"Full" legend
If the hue
is in numeric format, seaborn will assume that it represents some continuous quantity and will decide to display what it thinks is a representative sample along the color dimension.
You can circumvent this by using legend="full"
.
import matplotlib.pyplot as plt
import seaborn as sns
import pandas as pd
df = pd.DataFrame({'column1':[1,2,3,4,5], 'column2':[2,4,5,2,3], 'cluster':[0,1,2,3,4]})
sns.relplot(x='column2', y='column1', hue='cluster', data=df, legend="full")
plt.show()
Categoricals
An alternative is to make sure the values are treated categorical
Unfortunately, even if you plug in the numbers as strings, they will be converted to numbers falling back to the same mechanism described above.
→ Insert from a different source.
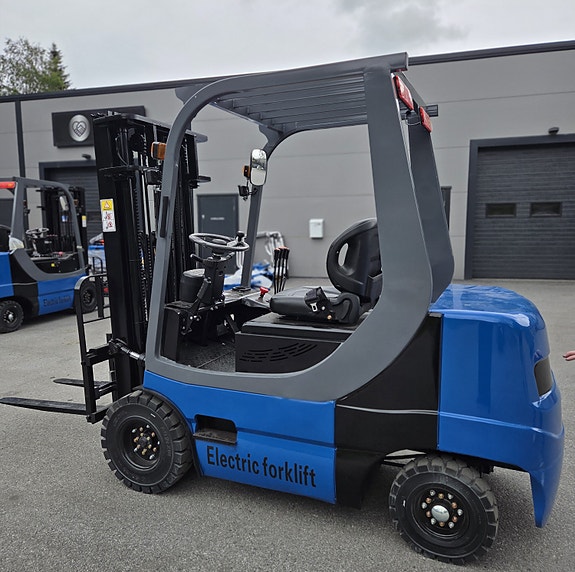 Rippa RF20E – Elektrisk gaffeltruck 2 tonn / 4,5 m løftehøyde / sideskift og gaffelspreder 2 of 5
This may be seen as a bug.
However, one choice you have is to use real categories, like e.g. single letters.
'cluster':list("ABCDE")
works fine,
import matplotlib.pyplot as plt
import seaborn as sns
import pandas as pd
d = {'column1':[1,2,3,4,5], 'column2':[2,4,5,2,3], 'cluster':list("ABCDE")}
df = pd.DataFrame(data=d)
sns.relplot(x='column2', y='column1', hue='cluster', data=df)
plt.show()
Strings with customized palette
An alternative to the above is to use numbers converted to strings, and then make sure to use a custom palette with as many colors as there are unique hues.
import matplotlib.pyplot as plt
import seaborn as sns
import pandas as pd
d = {'column1':[1,2,3,4,5], 'column2':[2,4,5,2,3], 'cluster':[1,2,3,4,5]}
df = pd.DataFrame(data=d)
df["cluster"] = df["cluster"].astype(str)
sns.relplot(x='column2', y='column1', hue='cluster', data=df,
palette=["b", "g", "r", "indigo", "k"])
plt.show()